◆ **Your objective**
Below are entries; write every one of them out again exactly.

>>

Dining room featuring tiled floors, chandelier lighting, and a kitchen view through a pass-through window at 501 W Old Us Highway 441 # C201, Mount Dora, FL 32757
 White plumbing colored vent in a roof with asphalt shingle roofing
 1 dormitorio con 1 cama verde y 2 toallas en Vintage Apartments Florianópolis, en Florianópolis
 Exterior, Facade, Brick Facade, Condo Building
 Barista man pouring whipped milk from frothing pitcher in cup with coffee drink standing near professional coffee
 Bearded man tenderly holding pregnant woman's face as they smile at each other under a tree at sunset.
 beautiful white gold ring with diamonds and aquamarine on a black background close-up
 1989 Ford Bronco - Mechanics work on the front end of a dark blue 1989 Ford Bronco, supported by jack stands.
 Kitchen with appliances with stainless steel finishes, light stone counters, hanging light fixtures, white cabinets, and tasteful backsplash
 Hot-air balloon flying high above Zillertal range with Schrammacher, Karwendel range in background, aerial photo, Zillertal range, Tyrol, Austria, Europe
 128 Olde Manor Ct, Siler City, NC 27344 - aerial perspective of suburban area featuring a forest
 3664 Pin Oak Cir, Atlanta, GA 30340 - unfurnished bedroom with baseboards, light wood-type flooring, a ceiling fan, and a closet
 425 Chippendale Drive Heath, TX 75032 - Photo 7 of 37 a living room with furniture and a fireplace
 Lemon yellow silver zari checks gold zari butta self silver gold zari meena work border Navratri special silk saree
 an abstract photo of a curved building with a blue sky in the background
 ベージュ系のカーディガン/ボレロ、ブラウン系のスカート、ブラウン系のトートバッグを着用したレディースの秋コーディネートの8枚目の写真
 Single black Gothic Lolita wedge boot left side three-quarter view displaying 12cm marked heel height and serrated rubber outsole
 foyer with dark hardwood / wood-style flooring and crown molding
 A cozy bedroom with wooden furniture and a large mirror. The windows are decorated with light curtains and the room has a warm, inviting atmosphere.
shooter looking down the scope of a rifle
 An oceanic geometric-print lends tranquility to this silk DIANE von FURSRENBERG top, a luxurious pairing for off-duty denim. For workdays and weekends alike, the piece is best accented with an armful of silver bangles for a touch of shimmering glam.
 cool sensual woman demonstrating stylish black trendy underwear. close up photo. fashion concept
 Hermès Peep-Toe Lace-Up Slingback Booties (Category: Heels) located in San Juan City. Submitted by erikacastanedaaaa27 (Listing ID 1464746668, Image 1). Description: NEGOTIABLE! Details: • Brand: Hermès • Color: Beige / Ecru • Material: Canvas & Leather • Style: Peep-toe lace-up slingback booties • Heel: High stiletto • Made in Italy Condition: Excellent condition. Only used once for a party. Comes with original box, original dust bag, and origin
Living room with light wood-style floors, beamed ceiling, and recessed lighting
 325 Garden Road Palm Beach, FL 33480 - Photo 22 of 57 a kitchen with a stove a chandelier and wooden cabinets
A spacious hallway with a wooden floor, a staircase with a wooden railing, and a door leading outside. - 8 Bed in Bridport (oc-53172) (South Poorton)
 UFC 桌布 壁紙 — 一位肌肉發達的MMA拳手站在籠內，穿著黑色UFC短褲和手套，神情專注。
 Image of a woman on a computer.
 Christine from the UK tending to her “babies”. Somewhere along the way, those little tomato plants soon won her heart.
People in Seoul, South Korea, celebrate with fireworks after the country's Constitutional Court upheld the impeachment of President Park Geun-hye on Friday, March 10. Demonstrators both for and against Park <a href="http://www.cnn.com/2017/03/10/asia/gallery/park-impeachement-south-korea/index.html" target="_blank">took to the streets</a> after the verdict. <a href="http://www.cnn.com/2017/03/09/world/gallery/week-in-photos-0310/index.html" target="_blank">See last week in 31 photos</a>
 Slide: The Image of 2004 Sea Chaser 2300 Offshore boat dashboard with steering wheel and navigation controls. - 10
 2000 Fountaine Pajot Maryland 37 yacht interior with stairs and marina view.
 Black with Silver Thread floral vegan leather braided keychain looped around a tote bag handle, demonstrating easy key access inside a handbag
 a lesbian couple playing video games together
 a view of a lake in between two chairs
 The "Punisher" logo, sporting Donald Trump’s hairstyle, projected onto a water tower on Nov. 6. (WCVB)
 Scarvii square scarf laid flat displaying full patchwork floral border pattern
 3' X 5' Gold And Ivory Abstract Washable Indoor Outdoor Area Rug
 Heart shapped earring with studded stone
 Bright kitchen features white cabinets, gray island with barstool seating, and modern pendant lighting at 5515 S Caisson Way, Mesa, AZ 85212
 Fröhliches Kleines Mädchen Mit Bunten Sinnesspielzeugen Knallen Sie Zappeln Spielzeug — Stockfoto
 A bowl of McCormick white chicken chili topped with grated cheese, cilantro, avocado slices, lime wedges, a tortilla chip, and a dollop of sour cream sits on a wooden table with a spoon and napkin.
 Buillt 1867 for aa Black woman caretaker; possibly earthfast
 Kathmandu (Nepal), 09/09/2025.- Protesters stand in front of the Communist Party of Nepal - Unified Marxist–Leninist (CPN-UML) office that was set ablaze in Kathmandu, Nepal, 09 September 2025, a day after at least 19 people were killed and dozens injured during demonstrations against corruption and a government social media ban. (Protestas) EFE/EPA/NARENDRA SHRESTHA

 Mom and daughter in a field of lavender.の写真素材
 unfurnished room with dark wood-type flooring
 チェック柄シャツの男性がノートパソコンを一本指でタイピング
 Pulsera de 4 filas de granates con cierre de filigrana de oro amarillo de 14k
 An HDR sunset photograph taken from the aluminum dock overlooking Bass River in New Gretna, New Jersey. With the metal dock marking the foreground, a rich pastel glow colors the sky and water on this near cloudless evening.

<<

◆ **Your response**
Dining room featuring tiled floors, chandelier lighting, and a kitchen view through a pass-through window at 501 W Old Us Highway 441 # C201, Mount Dora, FL 32757
 White plumbing colored vent in a roof with asphalt shingle roofing
 1 dormitorio con 1 cama verde y 2 toallas en Vintage Apartments Florianópolis, en Florianópolis
 Exterior, Facade, Brick Facade, Condo Building
 Barista man pouring whipped milk from frothing pitcher in cup with coffee drink standing near professional coffee
 Bearded man tenderly holding pregnant woman's face as they smile at each other under a tree at sunset.
 beautiful white gold ring with diamonds and aquamarine on a black background close-up
 1989 Ford Bronco - Mechanics work on the front end of a dark blue 1989 Ford Bronco, supported by jack stands.
 Kitchen with appliances with stainless steel finishes, light stone counters, hanging light fixtures, white cabinets, and tasteful backsplash
 Hot-air balloon flying high above Zillertal range with Schrammacher, Karwendel range in background, aerial photo, Zillertal range, Tyrol, Austria, Europe
 128 Olde Manor Ct, Siler City, NC 27344 - aerial perspective of suburban area featuring a forest
 3664 Pin Oak Cir, Atlanta, GA 30340 - unfurnished bedroom with baseboards, light wood-type flooring, a ceiling fan, and a closet
 425 Chippendale Drive Heath, TX 75032 - Photo 7 of 37 a living room with furniture and a fireplace
 Lemon yellow silver zari checks gold zari butta self silver gold zari meena work border Navratri special silk saree
 an abstract photo of a curved building with a blue sky in the background
 ベージュ系のカーディガン/ボレロ、ブラウン系のスカート、ブラウン系のトートバッグを着用したレディースの秋コーディネートの8枚目の写真
 Single black Gothic Lolita wedge boot left side three-quarter view displaying 12cm marked heel height and serrated rubber outsole
 foyer with dark hardwood / wood-style flooring and crown molding
 A cozy bedroom with wooden furniture and a large mirror. The windows are decorated with light curtains and the room has a warm, inviting atmosphere.
shooter looking down the scope of a rifle
 An oceanic geometric-print lends tranquility to this silk DIANE von FURSRENBERG top, a luxurious pairing for off-duty denim. For workdays and weekends alike, the piece is best accented with an armful of silver bangles for a touch of shimmering glam.
 cool sensual woman demonstrating stylish black trendy underwear. close up photo. fashion concept
 Hermès Peep-Toe Lace-Up Slingback Booties (Category: Heels) located in San Juan City. Submitted by erikacastanedaaaa27 (Listing ID 1464746668, Image 1). Description: NEGOTIABLE! Details: • Brand: Hermès • Color: Beige / Ecru • Material: Canvas & Leather • Style: Peep-toe lace-up slingback booties • Heel: High stiletto • Made in Italy Condition: Excellent condition. Only used once for a party. Comes with original box, original dust bag, and origin
Living room with light wood-style floors, beamed ceiling, and recessed lighting
 325 Garden Road Palm Beach, FL 33480 - Photo 22 of 57 a kitchen with a stove a chandelier and wooden cabinets
A spacious hallway with a wooden floor, a staircase with a wooden railing, and a door leading outside. - 8 Bed in Bridport (oc-53172) (South Poorton)
 UFC 桌布 壁紙 — 一位肌肉發達的MMA拳手站在籠內，穿著黑色UFC短褲和手套，神情專注。
 Image of a woman on a computer.
 Christine from the UK tending to her “babies”. Somewhere along the way, those little tomato plants soon won her heart.
People in Seoul, South Korea, celebrate with fireworks after the country's Constitutional Court upheld the impeachment of President Park Geun-hye on Friday, March 10. Demonstrators both for and against Park <a href="http://www.cnn.com/2017/03/10/asia/gallery/park-impeachement-south-korea/index.html" target="_blank">took to the streets</a> after the verdict. <a href="http://www.cnn.com/2017/03/09/world/gallery/week-in-photos-0310/index.html" target="_blank">See last week in 31 photos</a>
 Slide: The Image of 2004 Sea Chaser 2300 Offshore boat dashboard with steering wheel and navigation controls. - 10
 2000 Fountaine Pajot Maryland 37 yacht interior with stairs and marina view.
 Black with Silver Thread floral vegan leather braided keychain looped around a tote bag handle, demonstrating easy key access inside a handbag
 a lesbian couple playing video games together
 a view of a lake in between two chairs
 The "Punisher" logo, sporting Donald Trump’s hairstyle, projected onto a water tower on Nov. 6. (WCVB)
 Scarvii square scarf laid flat displaying full patchwork floral border pattern
 3' X 5' Gold And Ivory Abstract Washable Indoor Outdoor Area Rug
 Heart shapped earring with studded stone
 Bright kitchen features white cabinets, gray island with barstool seating, and modern pendant lighting at 5515 S Caisson Way, Mesa, AZ 85212
 Fröhliches Kleines Mädchen Mit Bunten Sinnesspielzeugen Knallen Sie Zappeln Spielzeug — Stockfoto
 A bowl of McCormick white chicken chili topped with grated cheese, cilantro, avocado slices, lime wedges, a tortilla chip, and a dollop of sour cream sits on a wooden table with a spoon and napkin.
 Buillt 1867 for aa Black woman caretaker; possibly earthfast
 Kathmandu (Nepal), 09/09/2025.- Protesters stand in front of the Communist Party of Nepal - Unified Marxist–Leninist (CPN-UML) office that was set ablaze in Kathmandu, Nepal, 09 September 2025, a day after at least 19 people were killed and dozens injured during demonstrations against corruption and a government social media ban. (Protestas) EFE/EPA/NARENDRA SHRESTHA

 Mom and daughter in a field of lavender.の写真素材
 unfurnished room with dark wood-type flooring
 チェック柄シャツの男性がノートパソコンを一本指でタイピング
 Pulsera de 4 filas de granates con cierre de filigrana de oro amarillo de 14k
 An HDR sunset photograph taken from the aluminum dock overlooking Bass River in New Gretna, New Jersey. With the metal dock marking the foreground, a rich pastel glow colors the sky and water on this near cloudless evening.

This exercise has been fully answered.